Prosedürün sonuçlanmasıyla fonların mümkün olan en kısa müddette özgür bırakılacağını aktaran Pisonero, bunların Doğu Kudüs’teki hastaneler ve öncelikli olarak yardıma muhtaç aileler için kullanılmasının planlandığını bildirdi.
Pisonero, AB’nin Filistin’e 2014’ten bugüne kadar 2 milyar avro yardımda bulunduğunu, AB’nin Filistinlilere yardıma devam edeceğini vurguladı.
AB’nin Filistin’e yönelik fonlarının büyük kısmı, Filistin’deki ders kitaplarında Yahudi zıddı telaffuz olduğu gerekçesiyle müfredatta revizyon yapılması talebiyle gönderilmiyordu.
Yaklaşık bir yıldır tutulan fonların ölçüsünün 230 milyon avro olduğu belirtiliyor.
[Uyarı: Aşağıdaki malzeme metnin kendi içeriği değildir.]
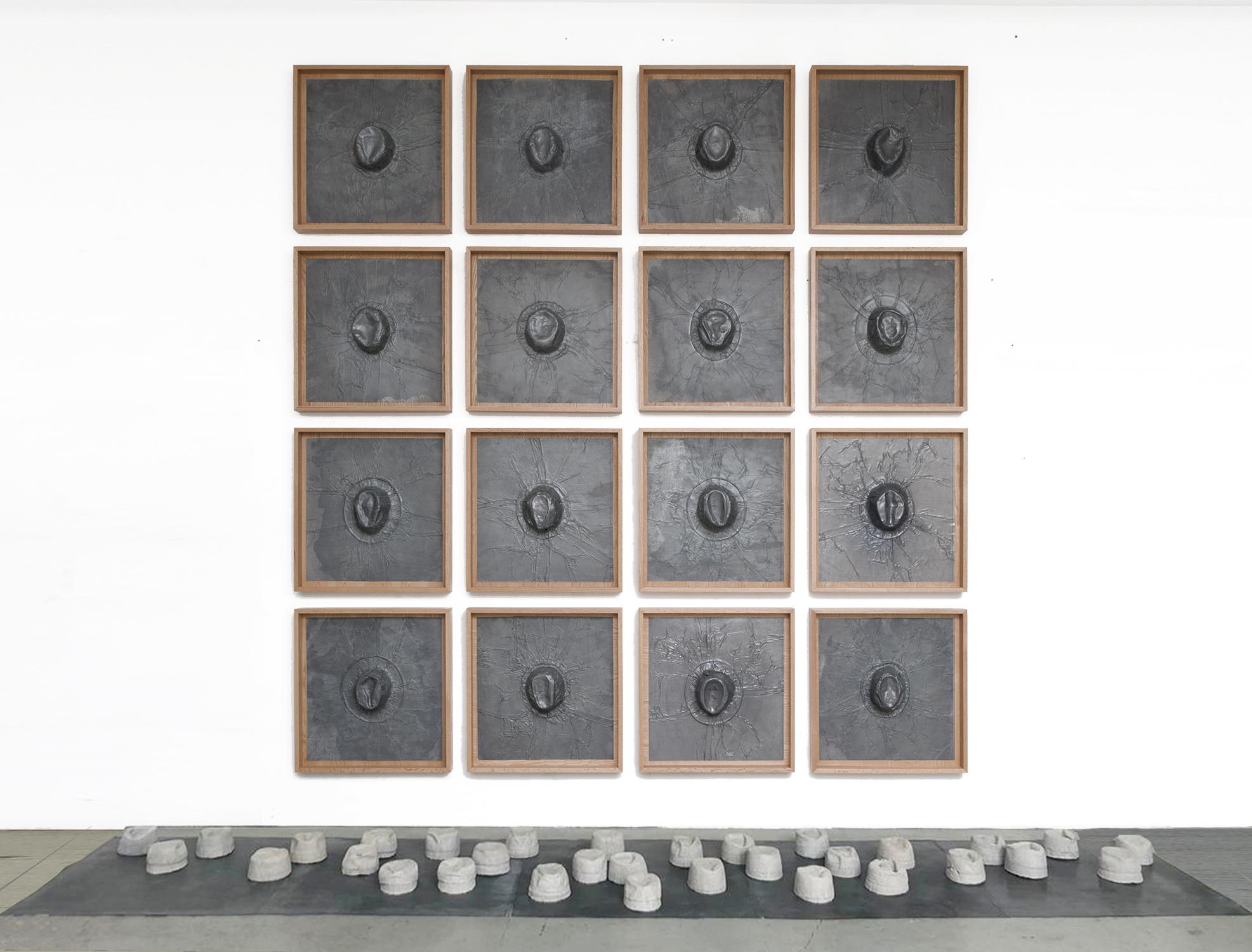  Gray Matter, 2019  16 Hats Belonging to My Father (1905-1978) Embossed in Lead, and 32 Concrete Casts of the Inside of the Hats   197” x 157” x 48”    Materia Gris, 2019   16 Sombreros de Mi Padre (1905 – 1978) Repujados en Plomo y 32 Moldes de Conc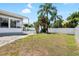 A spacious backyard featuring a pool, tropical plants, white fencing, and Florida room access at 1530 Picardy Cir, Clearwater, FL 33755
Fonlara mani nedeniyle birçok hastanın hayati tehlikesi var
Fonlara getirilen mahzurlar nedeniyle bilhassa Doğu Kudüs’teki hastanelerde birtakım hastaların tedavilerinin yapılamadığı, birçok hastanın hayati tehlikeyle karşı karşıya kaldığı söz ediliyor.
Son olarak geçen ay Filistin’de faaliyetleri sürdüren kuruluş Norveç Mülteci Kurulu (NRC), yardımların durdurulmasının Doğu Kudüs’teki sıhhat sistemini felce uğrattığını açıklamıştı.
NRC Genel Sekreteri Jan Egeland, “Bu kısıtlamalar, hastalıklarının son basamağında bulunan ve hayat kurtaran ilaçları alamayan bireyleri cezalandırıyor, aileler yiyecek alamadığı için çocuklar aç kalıyor. Brüksel’de alınan siyasi kararların en zalim bedelini Filistinliler ödüyor.” demişti.